GVSU CIS 263
Week 11 / Day 1
- Offline bin packing
- Obviously, if we can see all the items first, we can do better.
- (Trivially, we can find the optimum by exhaustive search —
O(n!))
- What approach would you take to approximate? Why?
- Place the biggest boxes first — they seem to create the most problems in the online version.
- First fit:
- Worst cast:
(4M + 1)/3
- Easier to think of as
M + ceil((M-1)/3) – About 1/3 “extra”.
- Lemma: All the items placed in “extra” bins have size of at most 1/3.

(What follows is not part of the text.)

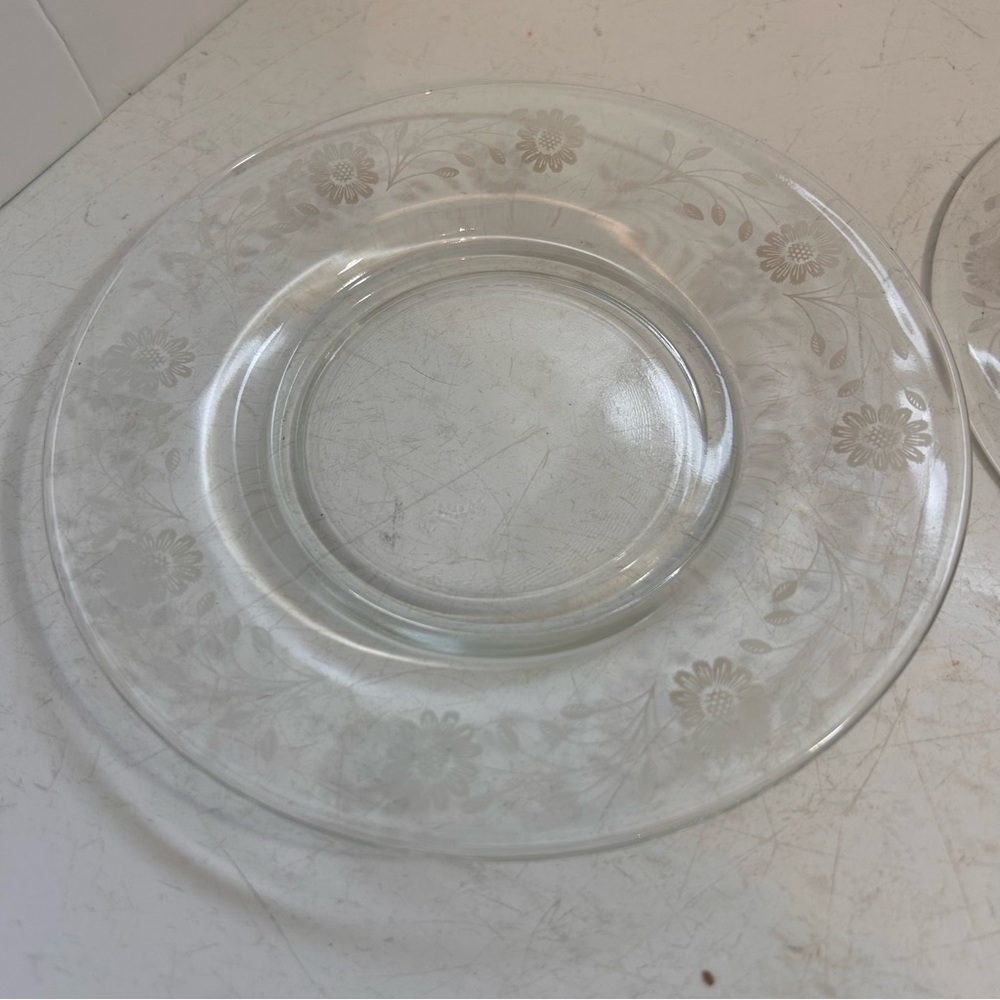 Vintage Fostoria Willowmere set of six etched glass floral small plates - Picture 4 of 5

- Suppose to the contrary that the first item in box
M+1 – called s_i has size 1/3.
- All previous items must also have size 1/3.
- Boxes 1..M must have at most two items.
- In fact the first
j must have one element, and the rest must have two.
- Why must all the one item boxes come before two item boxes?
- Remember, boxes placed in size order.
- Now size
M is the optimial bin packing size, there must be a way to re-arrange
the first i-i packages so package i will fit. However,
- Nothing can double up with the first
j items in one of the first j bins,
otherwise first fit would have already done si.
- None of the boxes can have 3 items since they are all size 1/3 or more.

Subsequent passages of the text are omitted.